Task brief
The lines to reproduce from the material below are those from the one containing "Alo Softsculpt Precision-bh" through the one containing "Magnolia Grid Squares", both included; write them out exactly and add nothing.
[Available records Boundary: Start]
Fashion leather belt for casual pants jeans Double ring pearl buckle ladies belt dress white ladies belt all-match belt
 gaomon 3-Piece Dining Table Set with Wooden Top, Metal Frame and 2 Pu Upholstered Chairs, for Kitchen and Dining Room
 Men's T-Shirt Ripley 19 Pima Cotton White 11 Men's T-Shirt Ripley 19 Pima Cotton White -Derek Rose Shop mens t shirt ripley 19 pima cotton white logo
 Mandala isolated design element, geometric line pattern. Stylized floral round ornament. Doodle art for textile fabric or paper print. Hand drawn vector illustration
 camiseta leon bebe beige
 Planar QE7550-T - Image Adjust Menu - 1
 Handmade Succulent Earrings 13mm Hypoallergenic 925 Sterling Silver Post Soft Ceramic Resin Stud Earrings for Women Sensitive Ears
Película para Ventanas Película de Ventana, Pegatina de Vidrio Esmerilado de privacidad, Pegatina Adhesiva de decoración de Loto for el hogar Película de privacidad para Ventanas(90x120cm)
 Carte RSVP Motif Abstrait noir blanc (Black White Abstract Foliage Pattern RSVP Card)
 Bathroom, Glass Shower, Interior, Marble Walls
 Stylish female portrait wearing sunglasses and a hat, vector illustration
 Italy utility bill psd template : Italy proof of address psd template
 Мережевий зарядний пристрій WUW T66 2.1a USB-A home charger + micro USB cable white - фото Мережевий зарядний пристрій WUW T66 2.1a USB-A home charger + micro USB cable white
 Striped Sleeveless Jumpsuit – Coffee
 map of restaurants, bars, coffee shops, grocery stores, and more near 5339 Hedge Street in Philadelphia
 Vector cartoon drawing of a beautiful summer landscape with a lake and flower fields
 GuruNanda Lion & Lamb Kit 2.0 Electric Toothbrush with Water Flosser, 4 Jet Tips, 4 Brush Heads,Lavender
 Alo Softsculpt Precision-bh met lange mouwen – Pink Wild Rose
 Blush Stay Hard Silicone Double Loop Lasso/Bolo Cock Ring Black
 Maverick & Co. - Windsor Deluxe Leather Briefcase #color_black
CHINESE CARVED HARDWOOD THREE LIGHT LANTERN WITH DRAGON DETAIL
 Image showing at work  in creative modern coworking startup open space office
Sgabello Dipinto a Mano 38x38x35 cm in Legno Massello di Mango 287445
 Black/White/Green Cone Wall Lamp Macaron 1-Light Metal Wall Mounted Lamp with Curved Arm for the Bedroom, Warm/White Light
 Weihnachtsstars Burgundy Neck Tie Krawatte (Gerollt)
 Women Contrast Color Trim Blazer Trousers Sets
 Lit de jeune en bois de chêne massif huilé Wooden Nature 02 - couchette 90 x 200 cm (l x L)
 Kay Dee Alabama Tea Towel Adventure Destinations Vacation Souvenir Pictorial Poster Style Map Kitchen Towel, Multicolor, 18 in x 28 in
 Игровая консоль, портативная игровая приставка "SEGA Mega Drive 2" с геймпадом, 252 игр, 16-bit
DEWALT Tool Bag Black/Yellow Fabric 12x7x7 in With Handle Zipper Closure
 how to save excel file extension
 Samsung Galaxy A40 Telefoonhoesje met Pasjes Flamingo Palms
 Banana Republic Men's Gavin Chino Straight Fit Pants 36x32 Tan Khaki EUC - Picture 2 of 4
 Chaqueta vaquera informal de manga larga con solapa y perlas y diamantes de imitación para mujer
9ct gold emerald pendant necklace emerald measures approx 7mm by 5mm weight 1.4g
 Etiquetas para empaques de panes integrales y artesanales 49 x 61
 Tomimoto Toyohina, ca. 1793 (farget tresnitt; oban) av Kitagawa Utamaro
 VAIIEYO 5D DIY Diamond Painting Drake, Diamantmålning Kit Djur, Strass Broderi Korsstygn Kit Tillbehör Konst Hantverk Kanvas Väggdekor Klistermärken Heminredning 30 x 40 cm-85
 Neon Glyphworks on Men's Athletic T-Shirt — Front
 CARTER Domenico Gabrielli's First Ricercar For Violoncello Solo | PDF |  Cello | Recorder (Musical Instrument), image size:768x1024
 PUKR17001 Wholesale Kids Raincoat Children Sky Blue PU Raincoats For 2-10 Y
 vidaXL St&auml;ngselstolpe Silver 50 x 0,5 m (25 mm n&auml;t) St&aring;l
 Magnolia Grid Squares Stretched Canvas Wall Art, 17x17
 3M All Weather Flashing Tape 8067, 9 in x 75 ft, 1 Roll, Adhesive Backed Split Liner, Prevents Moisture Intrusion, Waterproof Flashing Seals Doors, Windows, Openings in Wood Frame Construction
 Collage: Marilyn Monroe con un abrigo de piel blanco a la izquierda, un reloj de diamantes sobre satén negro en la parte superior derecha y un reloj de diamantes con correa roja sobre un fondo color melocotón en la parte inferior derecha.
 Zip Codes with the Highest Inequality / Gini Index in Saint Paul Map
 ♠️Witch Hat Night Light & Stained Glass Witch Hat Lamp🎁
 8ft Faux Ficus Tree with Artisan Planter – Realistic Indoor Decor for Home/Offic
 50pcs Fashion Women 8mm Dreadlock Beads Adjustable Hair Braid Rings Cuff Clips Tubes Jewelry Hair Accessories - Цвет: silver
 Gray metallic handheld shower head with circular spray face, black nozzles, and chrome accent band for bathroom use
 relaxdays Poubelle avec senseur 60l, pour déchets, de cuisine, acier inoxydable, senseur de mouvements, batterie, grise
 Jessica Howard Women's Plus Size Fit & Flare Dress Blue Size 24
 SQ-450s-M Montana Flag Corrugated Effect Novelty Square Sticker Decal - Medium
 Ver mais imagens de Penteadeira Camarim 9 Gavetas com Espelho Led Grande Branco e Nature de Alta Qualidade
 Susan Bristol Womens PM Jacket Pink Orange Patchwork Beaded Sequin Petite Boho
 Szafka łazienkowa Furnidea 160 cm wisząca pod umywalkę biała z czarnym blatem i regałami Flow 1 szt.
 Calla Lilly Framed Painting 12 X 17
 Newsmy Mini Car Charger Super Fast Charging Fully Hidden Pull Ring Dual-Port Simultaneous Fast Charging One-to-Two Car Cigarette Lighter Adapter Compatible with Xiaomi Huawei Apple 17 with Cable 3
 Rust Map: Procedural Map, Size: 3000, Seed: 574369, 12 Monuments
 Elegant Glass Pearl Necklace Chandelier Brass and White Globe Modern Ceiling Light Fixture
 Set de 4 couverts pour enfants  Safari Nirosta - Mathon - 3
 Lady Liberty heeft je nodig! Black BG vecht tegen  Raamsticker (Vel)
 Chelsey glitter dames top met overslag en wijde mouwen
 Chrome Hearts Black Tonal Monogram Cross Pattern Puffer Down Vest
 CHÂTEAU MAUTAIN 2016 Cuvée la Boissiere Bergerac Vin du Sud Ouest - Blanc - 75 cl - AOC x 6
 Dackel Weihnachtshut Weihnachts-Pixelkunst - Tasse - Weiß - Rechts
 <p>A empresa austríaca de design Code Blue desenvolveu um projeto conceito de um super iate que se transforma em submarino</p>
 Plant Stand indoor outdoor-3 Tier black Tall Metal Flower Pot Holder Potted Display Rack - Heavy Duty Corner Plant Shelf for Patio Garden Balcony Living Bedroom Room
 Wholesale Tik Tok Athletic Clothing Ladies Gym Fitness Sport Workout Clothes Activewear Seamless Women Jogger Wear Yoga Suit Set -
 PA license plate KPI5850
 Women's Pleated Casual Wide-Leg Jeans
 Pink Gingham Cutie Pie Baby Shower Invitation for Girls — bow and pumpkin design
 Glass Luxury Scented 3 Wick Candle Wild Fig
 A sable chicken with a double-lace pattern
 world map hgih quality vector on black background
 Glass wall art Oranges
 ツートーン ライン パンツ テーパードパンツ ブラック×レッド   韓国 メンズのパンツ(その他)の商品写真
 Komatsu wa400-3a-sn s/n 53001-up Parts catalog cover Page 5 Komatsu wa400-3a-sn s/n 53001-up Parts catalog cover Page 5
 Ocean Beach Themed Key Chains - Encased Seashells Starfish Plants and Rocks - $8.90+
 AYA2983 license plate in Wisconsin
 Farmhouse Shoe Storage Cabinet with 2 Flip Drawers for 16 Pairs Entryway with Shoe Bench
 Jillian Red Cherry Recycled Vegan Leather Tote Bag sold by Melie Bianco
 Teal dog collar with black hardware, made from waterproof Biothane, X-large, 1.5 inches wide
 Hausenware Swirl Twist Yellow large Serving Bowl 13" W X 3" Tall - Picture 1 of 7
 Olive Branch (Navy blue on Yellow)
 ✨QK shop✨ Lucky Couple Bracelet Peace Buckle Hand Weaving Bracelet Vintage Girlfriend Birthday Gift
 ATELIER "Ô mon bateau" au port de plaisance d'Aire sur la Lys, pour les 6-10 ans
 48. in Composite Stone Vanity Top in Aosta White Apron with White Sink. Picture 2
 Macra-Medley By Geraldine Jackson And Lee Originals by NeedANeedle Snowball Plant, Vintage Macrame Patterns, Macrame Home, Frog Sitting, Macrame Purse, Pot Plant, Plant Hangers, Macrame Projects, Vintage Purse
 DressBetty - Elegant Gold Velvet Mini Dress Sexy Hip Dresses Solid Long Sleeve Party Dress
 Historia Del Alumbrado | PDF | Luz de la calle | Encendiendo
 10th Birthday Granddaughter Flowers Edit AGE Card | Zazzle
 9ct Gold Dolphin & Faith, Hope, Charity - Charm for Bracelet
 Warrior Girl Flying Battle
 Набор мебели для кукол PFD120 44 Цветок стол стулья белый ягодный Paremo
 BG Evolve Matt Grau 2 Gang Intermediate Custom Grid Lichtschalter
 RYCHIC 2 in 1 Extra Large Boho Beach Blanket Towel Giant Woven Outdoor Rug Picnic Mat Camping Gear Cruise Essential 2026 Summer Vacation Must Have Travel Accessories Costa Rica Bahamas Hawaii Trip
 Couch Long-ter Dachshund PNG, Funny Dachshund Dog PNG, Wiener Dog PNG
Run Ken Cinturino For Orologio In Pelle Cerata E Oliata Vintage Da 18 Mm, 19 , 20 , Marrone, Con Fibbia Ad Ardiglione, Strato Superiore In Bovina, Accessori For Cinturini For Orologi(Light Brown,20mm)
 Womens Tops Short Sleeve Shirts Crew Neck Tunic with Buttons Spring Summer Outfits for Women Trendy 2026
[Available records Boundary: End]
Task answer
 Alo Softsculpt Precision-bh met lange mouwen – Pink Wild Rose
 Blush Stay Hard Silicone Double Loop Lasso/Bolo Cock Ring Black
 Maverick & Co. - Windsor Deluxe Leather Briefcase #color_black
CHINESE CARVED HARDWOOD THREE LIGHT LANTERN WITH DRAGON DETAIL
 Image showing at work  in creative modern coworking startup open space office
Sgabello Dipinto a Mano 38x38x35 cm in Legno Massello di Mango 287445
 Black/White/Green Cone Wall Lamp Macaron 1-Light Metal Wall Mounted Lamp with Curved Arm for the Bedroom, Warm/White Light
 Weihnachtsstars Burgundy Neck Tie Krawatte (Gerollt)
 Women Contrast Color Trim Blazer Trousers Sets
 Lit de jeune en bois de chêne massif huilé Wooden Nature 02 - couchette 90 x 200 cm (l x L)
 Kay Dee Alabama Tea Towel Adventure Destinations Vacation Souvenir Pictorial Poster Style Map Kitchen Towel, Multicolor, 18 in x 28 in
 Игровая консоль, портативная игровая приставка "SEGA Mega Drive 2" с геймпадом, 252 игр, 16-bit
DEWALT Tool Bag Black/Yellow Fabric 12x7x7 in With Handle Zipper Closure
 how to save excel file extension
 Samsung Galaxy A40 Telefoonhoesje met Pasjes Flamingo Palms
 Banana Republic Men's Gavin Chino Straight Fit Pants 36x32 Tan Khaki EUC - Picture 2 of 4
 Chaqueta vaquera informal de manga larga con solapa y perlas y diamantes de imitación para mujer
9ct gold emerald pendant necklace emerald measures approx 7mm by 5mm weight 1.4g
 Etiquetas para empaques de panes integrales y artesanales 49 x 61
 Tomimoto Toyohina, ca. 1793 (farget tresnitt; oban) av Kitagawa Utamaro
 VAIIEYO 5D DIY Diamond Painting Drake, Diamantmålning Kit Djur, Strass Broderi Korsstygn Kit Tillbehör Konst Hantverk Kanvas Väggdekor Klistermärken Heminredning 30 x 40 cm-85
 Neon Glyphworks on Men's Athletic T-Shirt — Front
 CARTER Domenico Gabrielli's First Ricercar For Violoncello Solo | PDF |  Cello | Recorder (Musical Instrument), image size:768x1024
 PUKR17001 Wholesale Kids Raincoat Children Sky Blue PU Raincoats For 2-10 Y
 vidaXL St&auml;ngselstolpe Silver 50 x 0,5 m (25 mm n&auml;t) St&aring;l
 Magnolia Grid Squares Stretched Canvas Wall Art, 17x17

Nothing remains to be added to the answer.